[Problem description]
Write out, please, each line from the one containing "Foto del edificio - 3300 Broadway Ave" to the final line of the data, both included, exactly and without pictures.

━━━━━━━━━━━━━━━━━━━━━━━━━━━━━━

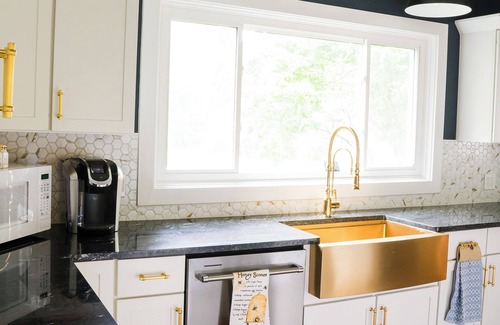 Fennville Casa | Charming 4-bedroom Modern Farmhouse with AC, WiFi, & Close to Lakes!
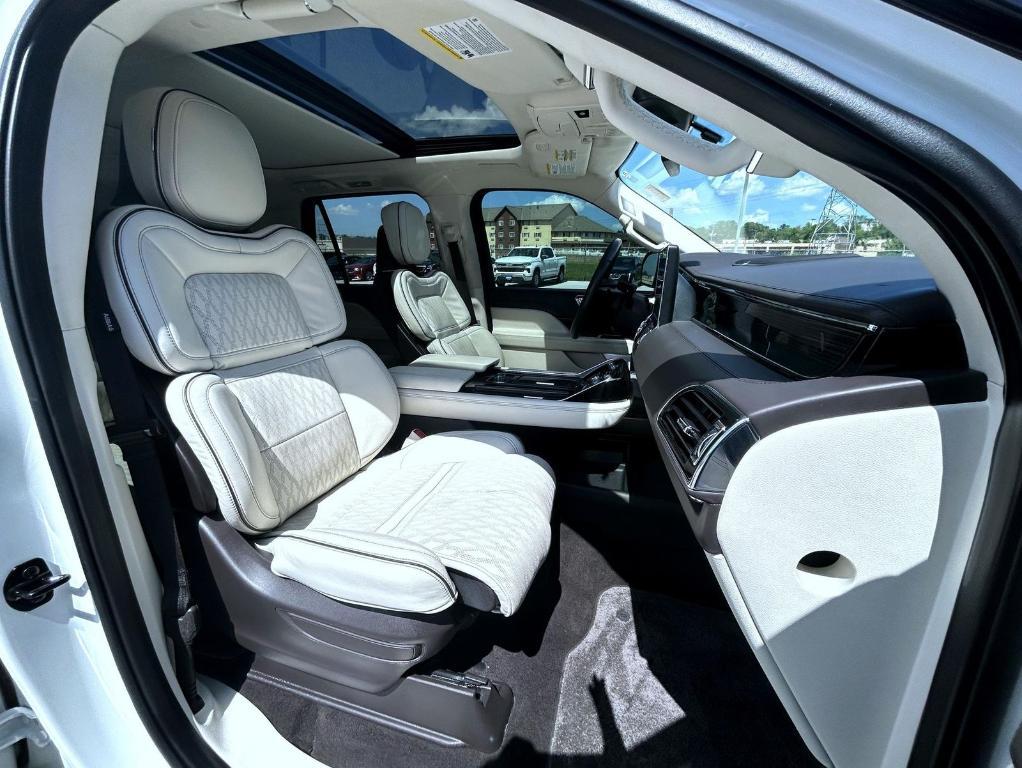 used 2024 Lincoln Navigator car, priced at $85,750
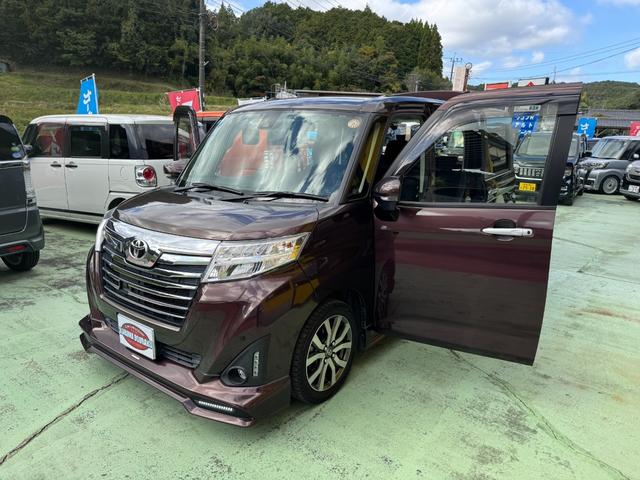 ルーミー カスタムＧ－Ｔ　純正９インチナビ　フルセグ　バックカメラ　両側パワスラ　純正ドラレコ　ＴＲＤフルエアロ　ＬＥＤヘッドライト　フォグランプ　純正１５インチアルミ　ビルトインＥＴＣ　スマートキー　プッシュスタート（70枚目）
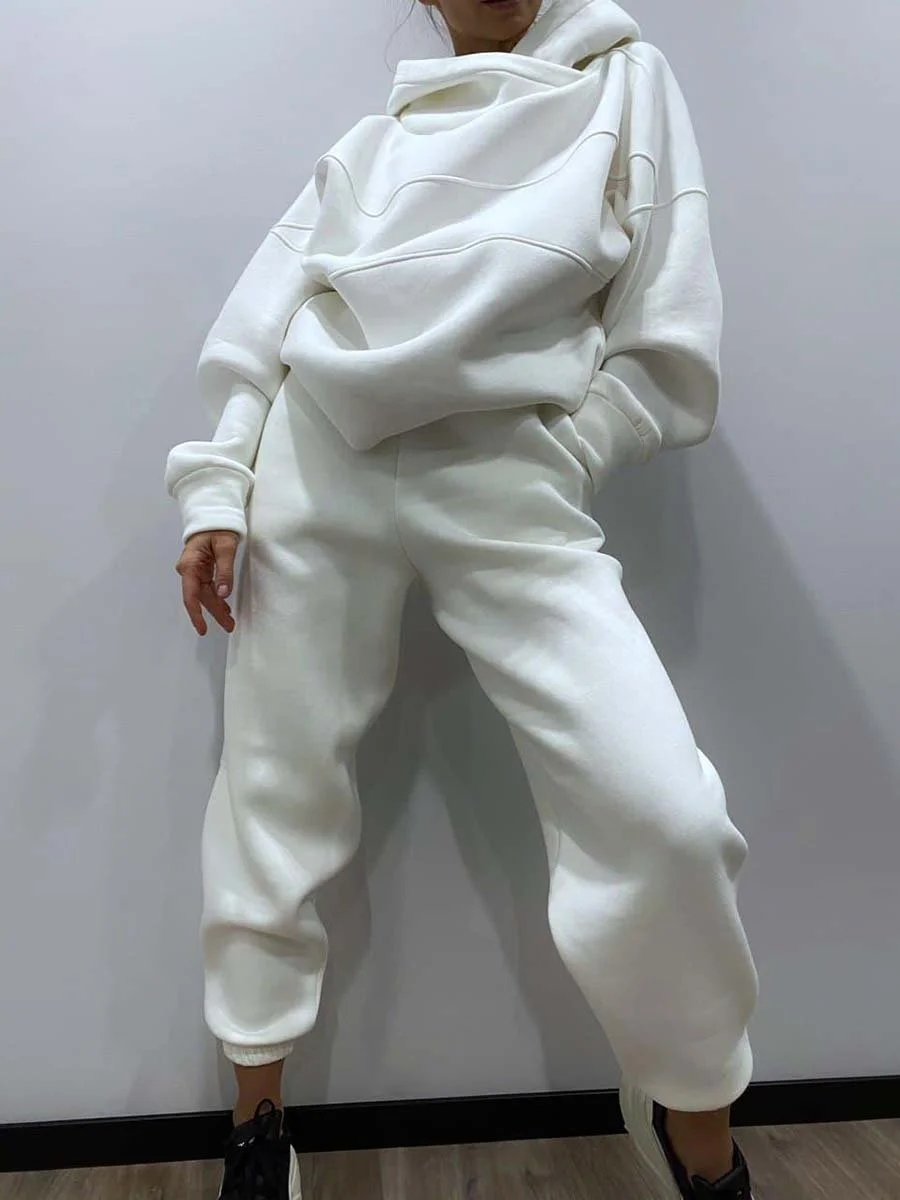 Casual hoodie and sweatpants set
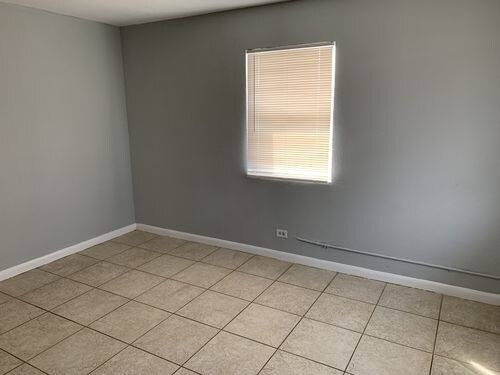 Foto del edificio - 3300 Broadway Ave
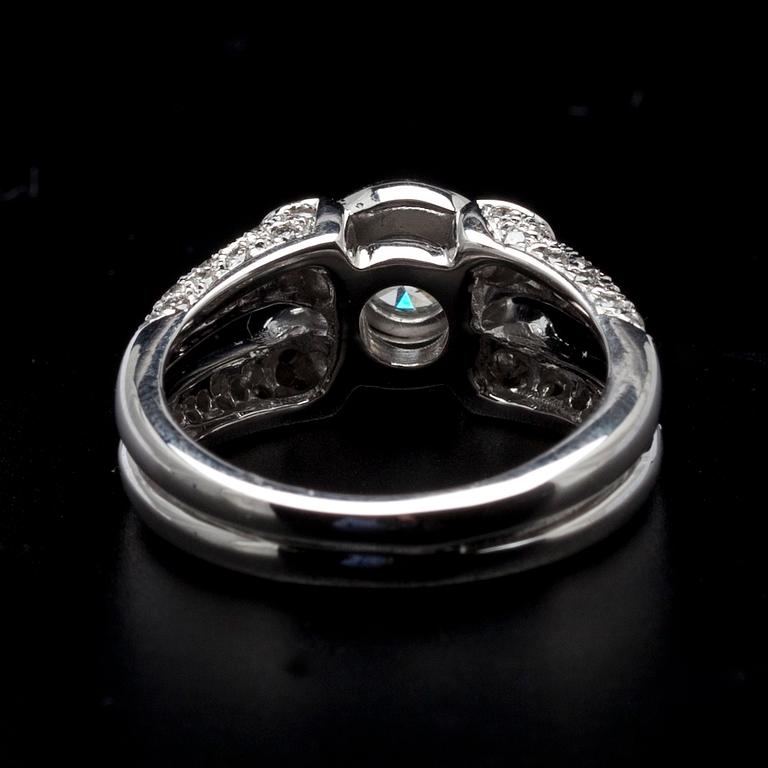 RING, vitguld 18K, briljantslipade diamanter, tot. 1,07 ct, mittsten 0,47 ct. Vikt 8,2 g. Intyg.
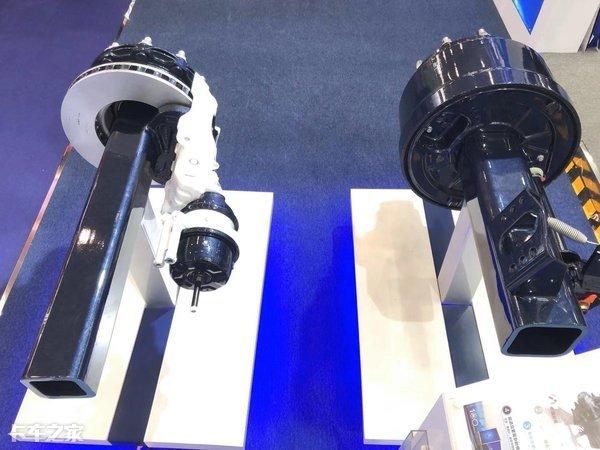 单轴只有460公斤，可靠性还很高，BPW这款车桥真不错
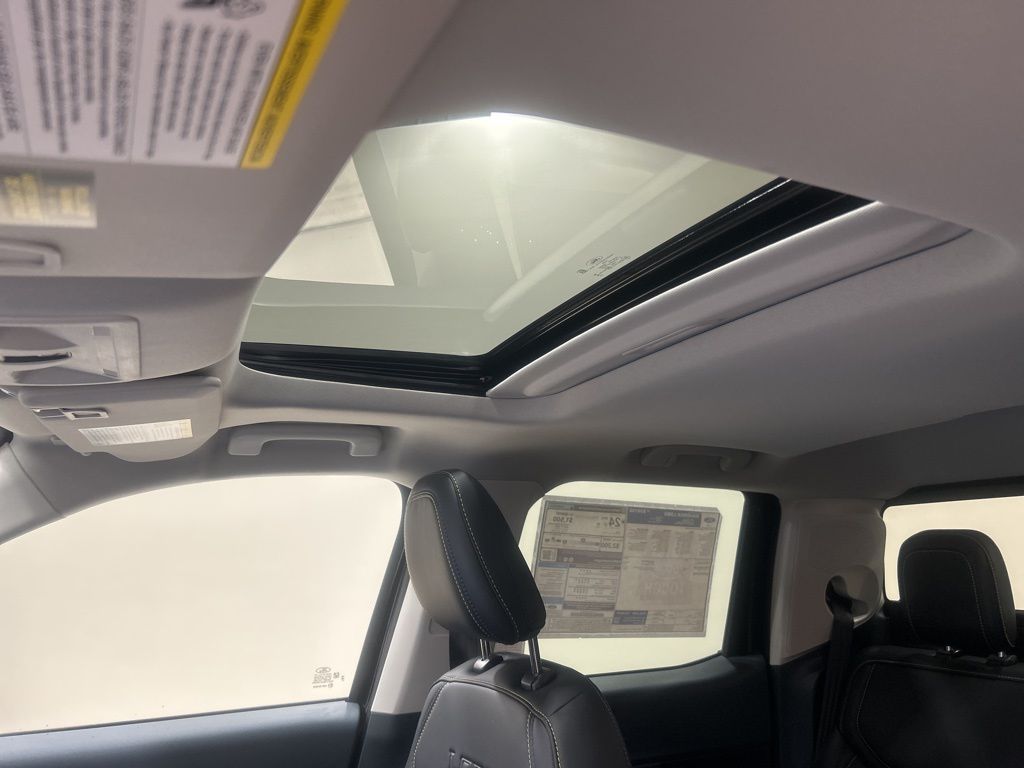 new 2025 Ford Maverick car, priced at $40,695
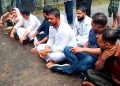 পুলিশের বাধা পেয়ে সড়কে বসে পড়লেন এনসিপি নেতারা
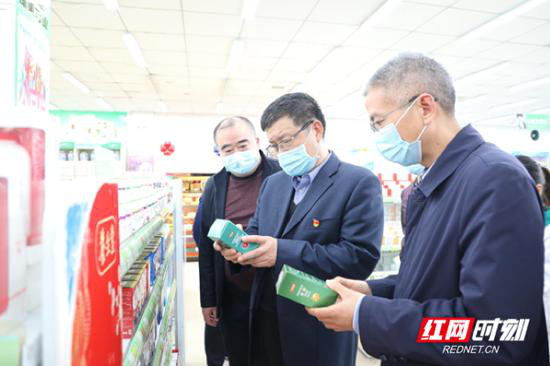 　调研组在国大药房华新旗舰店检查药品价格。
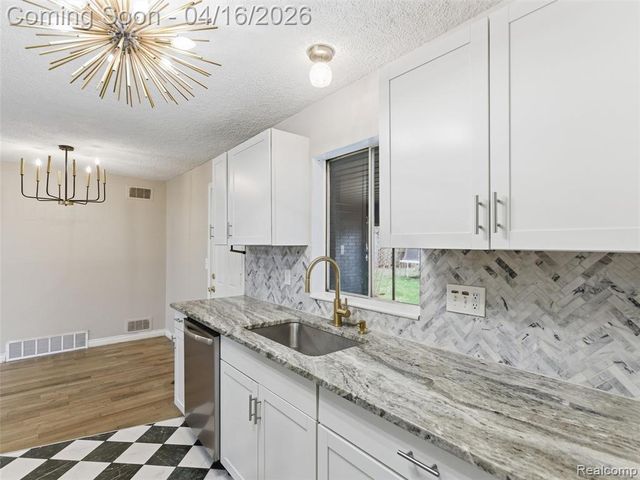 2674 Littletell Avenue, West Bloomfield, MI 48324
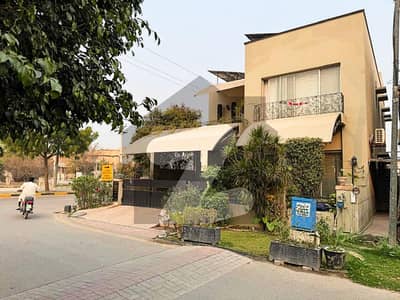 ڈیوائن گارڈنز لاہور میں 4 کمروں کا 10 مرلہ مکان 4.7 کروڑ میں برائے فروخت۔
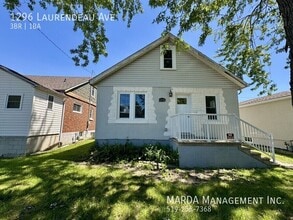 Building Photo - 1296 Laurendeau Ave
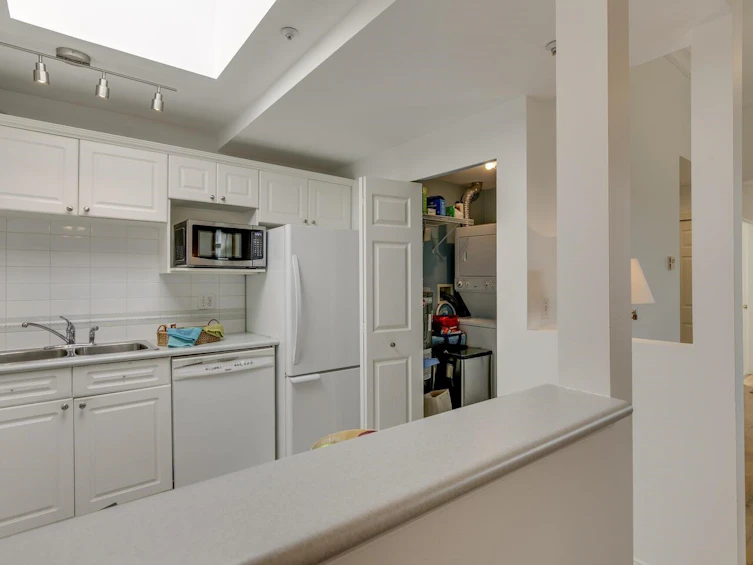 414-128 W 8th Street, North Vancouver, BC, V7M 3M1 - 12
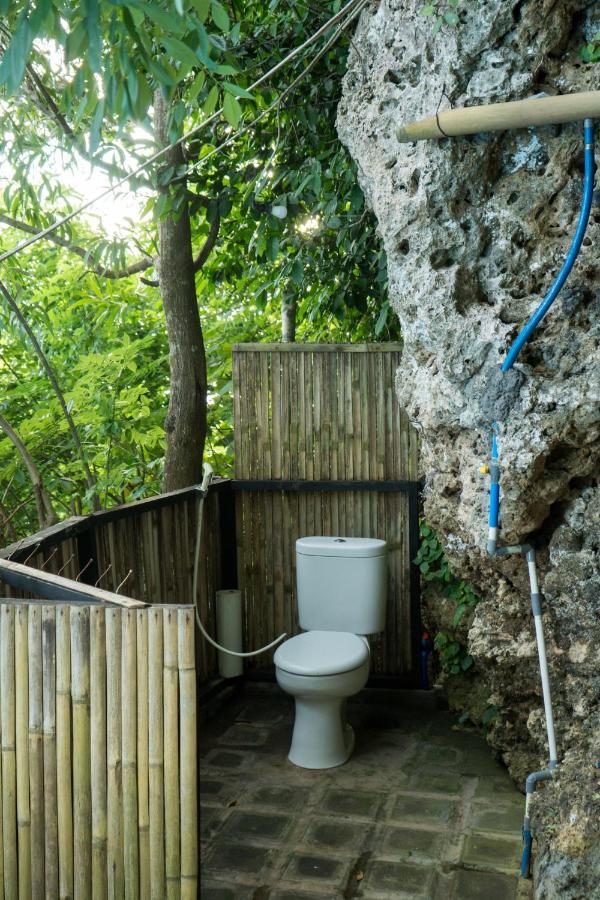 Nunggalan hut Villa Uluwatu  Bagian luar foto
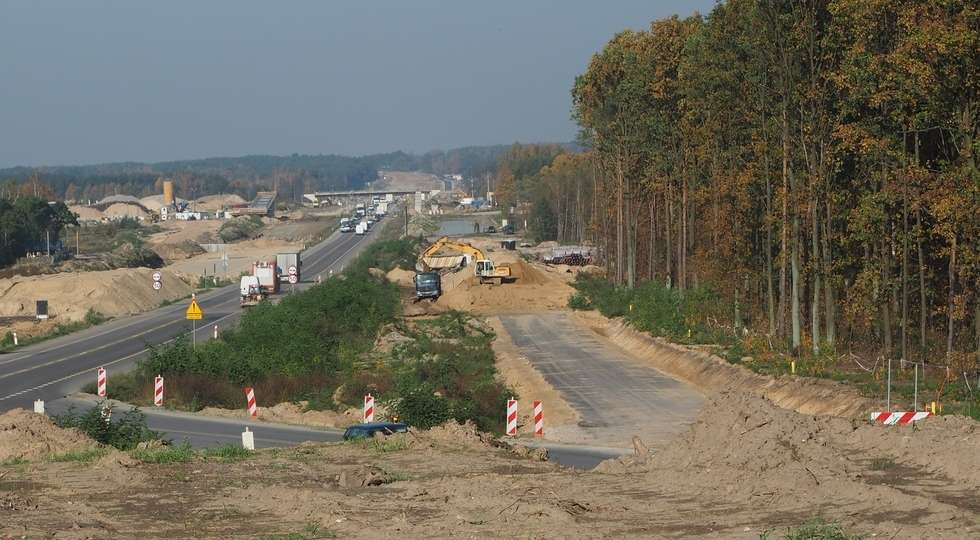  Budowa drogi Lublin-Warszawa (zdjęcie 24) - Autor: Łukasz Minkiewicz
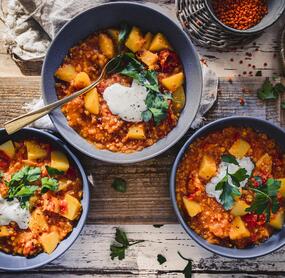 3 Teller mit Linsensuppe von oben fotografiert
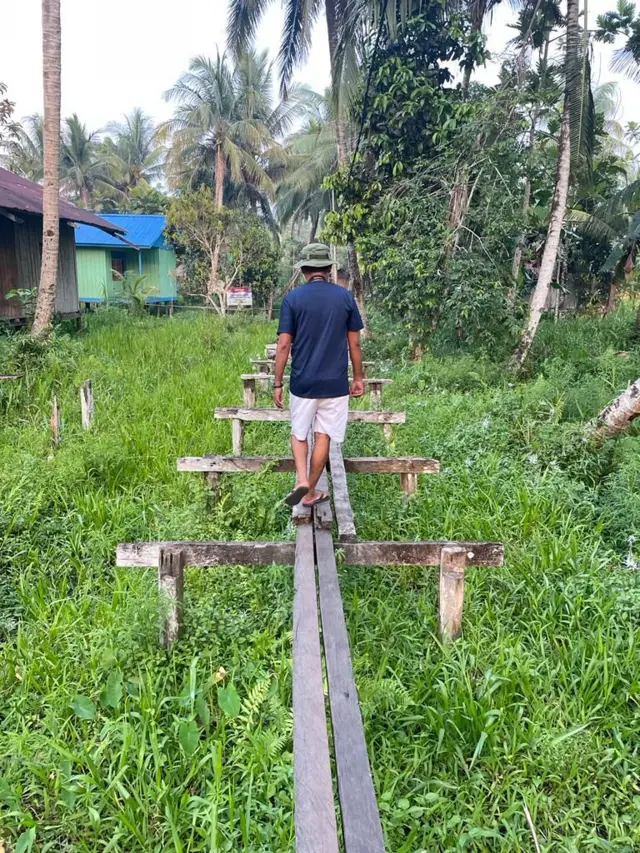 Pastor Pius Apriyanto Bria, Mina, Distrik Pulau Tiga, Kampung As, Kampung Atat, gizi buruk, Asmat, Papua Selatan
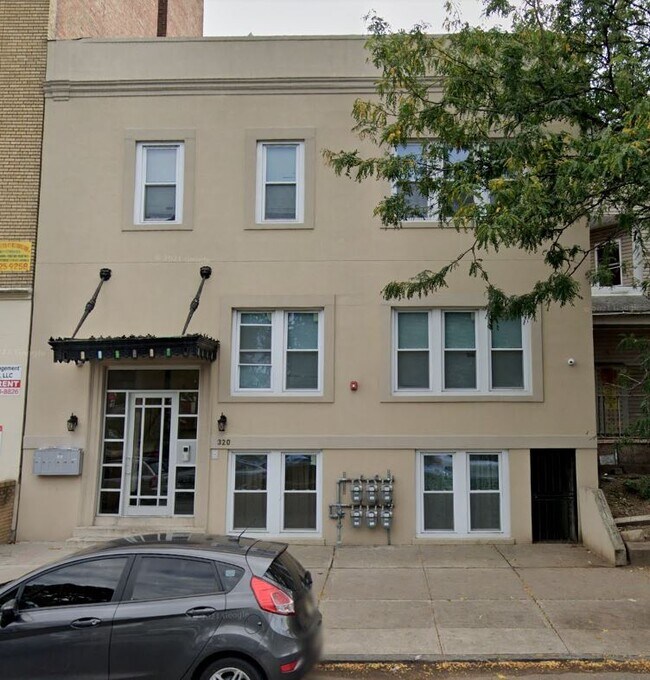Building Photo - 320 Broadway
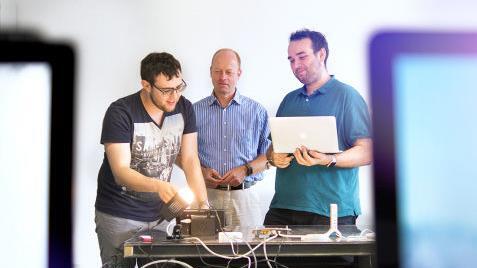 David Schwarzmann (links) und Timo Purzner (rechts) mit ihrem Professor Matthias M&ouml;rz im Labor f&uuml;r Nachrichtentechnik an der Hochschule Coburg Foto: Simon Geistlinger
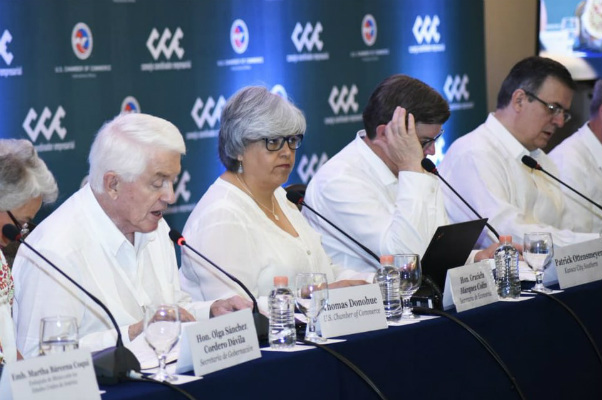 Graciela Márquez Colín, habló con Robert Lighthizer, representante comercial de Estados Unidos analizaron el reporte sobre el impacto que tendría en EU el nuevo acuerdo comercial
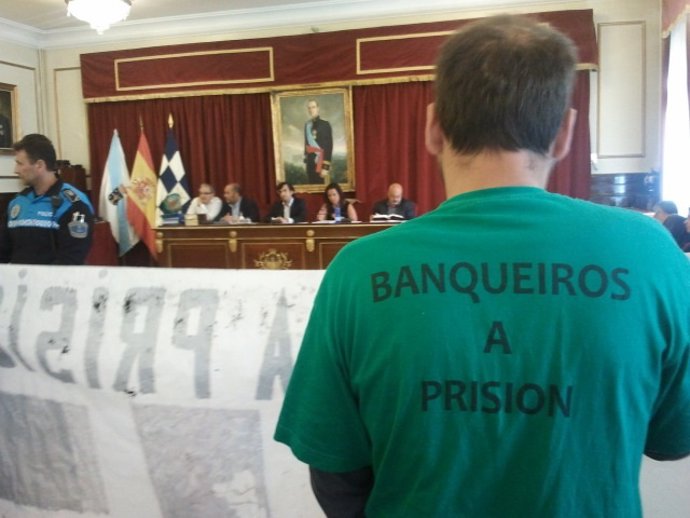 Afectados por las preferentes en el pleno de Ferrol.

━━━━━━━━━━━━━━━━━━━━━━━━━━━━━━

[Response]
 Foto del edificio - 3300 Broadway Ave
 RING, vitguld 18K, briljantslipade diamanter, tot. 1,07 ct, mittsten 0,47 ct. Vikt 8,2 g. Intyg.
 单轴只有460公斤，可靠性还很高，BPW这款车桥真不错
 new 2025 Ford Maverick car, priced at $40,695
 পুলিশের বাধা পেয়ে সড়কে বসে পড়লেন এনসিপি নেতারা
 　调研组在国大药房华新旗舰店检查药品价格。
 2674 Littletell Avenue, West Bloomfield, MI 48324
 ڈیوائن گارڈنز لاہور میں 4 کمروں کا 10 مرلہ مکان 4.7 کروڑ میں برائے فروخت۔
 Building Photo - 1296 Laurendeau Ave
 414-128 W 8th Street, North Vancouver, BC, V7M 3M1 - 12
 Nunggalan hut Villa Uluwatu  Bagian luar foto
  Budowa drogi Lublin-Warszawa (zdjęcie 24) - Autor: Łukasz Minkiewicz
 3 Teller mit Linsensuppe von oben fotografiert
 Pastor Pius Apriyanto Bria, Mina, Distrik Pulau Tiga, Kampung As, Kampung Atat, gizi buruk, Asmat, Papua Selatan
Building Photo - 320 Broadway
 David Schwarzmann (links) und Timo Purzner (rechts) mit ihrem Professor Matthias M&ouml;rz im Labor f&uuml;r Nachrichtentechnik an der Hochschule Coburg Foto: Simon Geistlinger
 Graciela Márquez Colín, habló con Robert Lighthizer, representante comercial de Estados Unidos analizaron el reporte sobre el impacto que tendría en EU el nuevo acuerdo comercial
 Afectados por las preferentes en el pleno de Ferrol.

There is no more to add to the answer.